Tot op heden heeft geen gepubliceerde studie preventieve therapie versus behandeling van de ziekte vastgesteld. Bovendien zijn er geen gegevens suggereren dat vroege behandeling tijdens de eerste klinische tekenen van recidiverende HCV ziekte beïnvloedt de natuurlijke geschiedenis van de ziekte. Op basis van de beperkte beschikbare gegevens, de rol van preventieve antivirale behandeling moet nog worden bepaald.

Een aantal recente studies hebben gemeld dat combinatietherapie met interferon en ribavirine is geassocieerd met een aanhoudende virologische respons (cure) van 20% tot 30% in de lever ontvangers met recidiverende HCV ziekte, maar de meeste van deze studies waren klein. Een groot probleem met deze studies is de aanzienlijke variatie in de manier waarop patiënten werden gekozen voor behandeling en immunosuppressie, waardoor de interpretatie van de resultaten van deze studies moeilijk. Toch is de mate van de aanhoudende virologische respons lijkt lager dan het percentage gerapporteerd voor nontransplant HCV patiënten. Bovendien is interferon / ribavirine in lever ontvangers met recidiverende HCV ziekte geassocieerd met toxiciteit van de geneesmiddelen en de bijwerkingen, waardoor frequenter dosisverlaging behandeling van deze patiënten.

Gezien de vele onbekenden over de biologie van recidiverende HCV ziekte kunnen twee benaderingen behandeling worden voorgesteld. De eerste benadering is de behandeling bij de eerste tekenen van acute graft letsel (acute HCV terugkerende ziekte), die typisch optreedt binnen de eerste 6 maanden na transplantatie. De tweede benadering is om behandeling leiden wanneer de patiënt vertoont tekenen van leverziekte gebaseerd op de resultaten van een leverbiopsie. Gezien het feit dat de resultaten van de behandeling in deze twee tijdstippen, de verdraagbaarheid van de behandeling, en de effectiviteit ervan bij het verbeteren van de gezondheid van de transplantatie ontvanger onbekend zijn, is het belangrijk om deze kwesties te bespreken met uw transplantatie team. Uw transplantatie team misschien al een voorkeur.

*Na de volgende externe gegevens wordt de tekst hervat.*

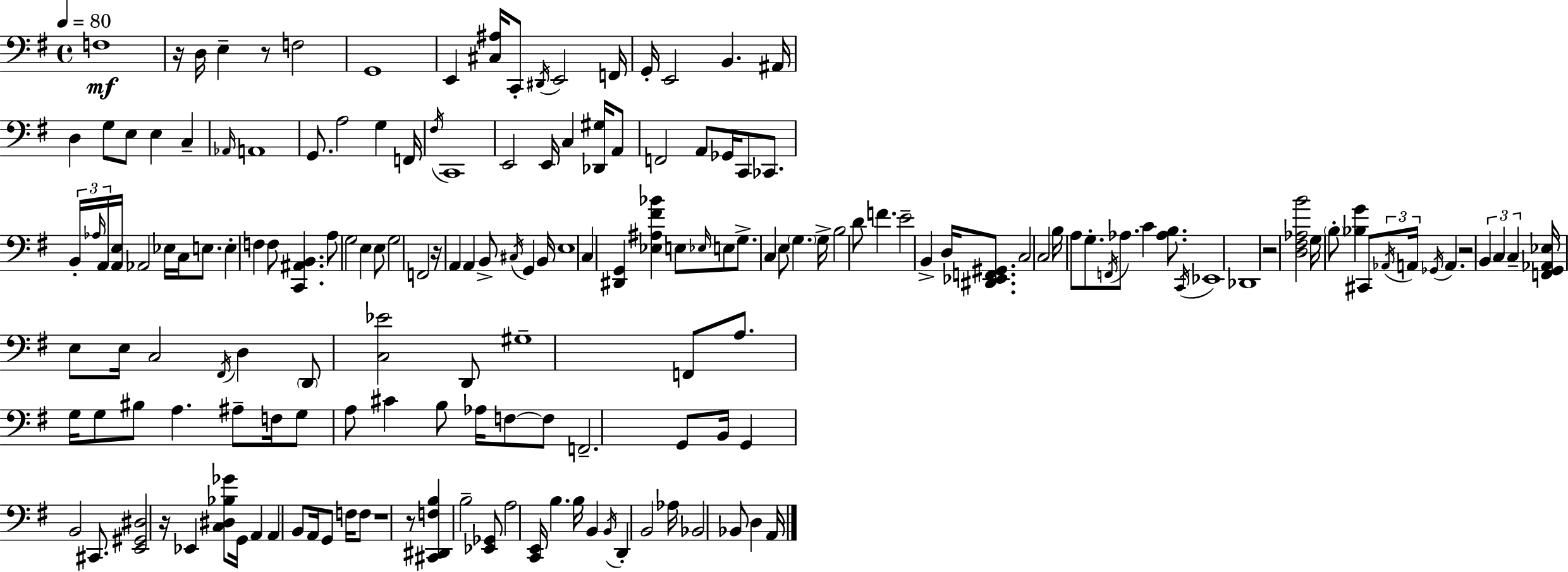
{
  \clef bass
  \time 4/4
  \defaultTimeSignature
  \key e \minor
  \tempo 4 = 80
  f1\mf | r16 d16 e4-- r8 f2 | g,1 | e,4 <cis ais>16 c,8-. \acciaccatura { dis,16 } e,2 | \break f,16 g,16-. e,2 b,4. | ais,16 d4 g8 e8 e4 c4-- | \grace { aes,16 } a,1 | g,8. a2 g4 | \break f,16 \acciaccatura { fis16 } c,1 | e,2 e,16 c4 | <des, gis>16 a,8 f,2 a,8 ges,16 c,8 | ces,8. \tuplet 3/2 { b,16-. \grace { aes16 } a,16 } <a, e>16 aes,2 ees16 | \break c16 e8. e4-. f4 f8 <c, ais, b,>4. | a8 g2 e4 | e8 g2 f,2 | r16 a,4 a,4 b,8-> \acciaccatura { cis16 } | \break g,4 b,16 e1 | c4 <dis, g,>4 <ees ais fis' bes'>4 | e8 \grace { ees16 } e8 g8.-> c4 e8 \parenthesize g4. | g16-> b2 d'8 | \break f'4. e'2-- b,4-> | d16 <dis, ees, f, gis,>8. c2 c2 | b16 a8 g8.-. \acciaccatura { f,16 } aes8. | c'4 <aes b>8. \acciaccatura { c,16 } ees,1 | \break des,1 | r2 | <d fis aes b'>2 g16 \parenthesize b8-. <bes g'>4 cis,8 | \tuplet 3/2 { \acciaccatura { aes,16 } a,16 \acciaccatura { ges,16 } } a,4. r2 | \break \tuplet 3/2 { b,4 c4 c4-- } <f, g, aes, ees>16 e8 | e16 c2 \acciaccatura { fis,16 } d4 \parenthesize d,8 | <c ees'>2 d,8 gis1-- | f,8 a8. | \break g16 g8 bis8 a4. ais8-- f16 g8 | a8 cis'4 b8 aes16 f8~~ f8 f,2.-- | g,8 b,16 g,4 | b,2 cis,8. <e, gis, dis>2 | \break r16 ees,4 <c dis bes ges'>8 g,16 a,4 a,4 | b,8 a,16 g,8 f16 f8 r1 | r8 <cis, dis, f b>4 | b2-- <ees, ges,>8 a2 | \break <c, e,>16 b4. b16 b,4 \acciaccatura { b,16 } | d,4-. b,2 aes16 bes,2 | bes,8 d4 a,16 \bar "|."
} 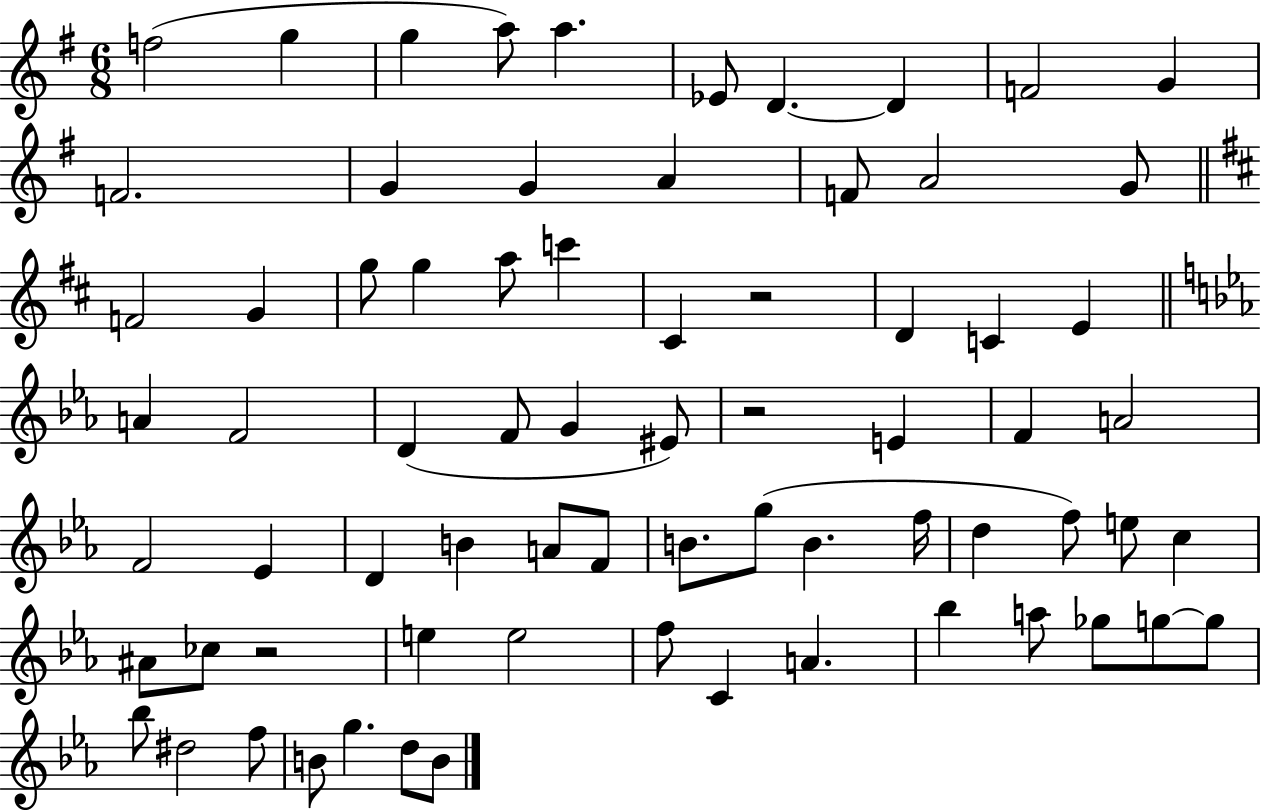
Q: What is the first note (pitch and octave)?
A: F5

Vele vragen onbeantwoord betreffende de behandeling van post-levertransplantatie van HCV-ziekte, zoals de timing van de behandeling, de beste behandelingsregime, de meest efficiënte duur van de behandeling, en de rol van immunosuppressie bij progressieve HCV terugkerende ziekte. Ofschoon er geen aanbeveling kan worden gemaakt, het onderzoek tot nu toe blijkt dat een patiënt met recidiverende HCV ziekte die fase 2 of hoger fibrose heeft moet worden beschouwd voor een proef van combinatie gepegyleerde interferon / ribavirine. Verschillende lopende studies zijn momenteel bezig met deze kwesties.

Lees meer...
Abonneren op deze RSS feed

Advies nodig?

Vraag dan nu een gratis en vrijblijvende scan aan voor uw website.
Wij voeren een uitgebreide scan en stellen een SEO-rapport op met aanbevelingen
voor het verbeteren van de vindbaarheid en de conversie van uw website.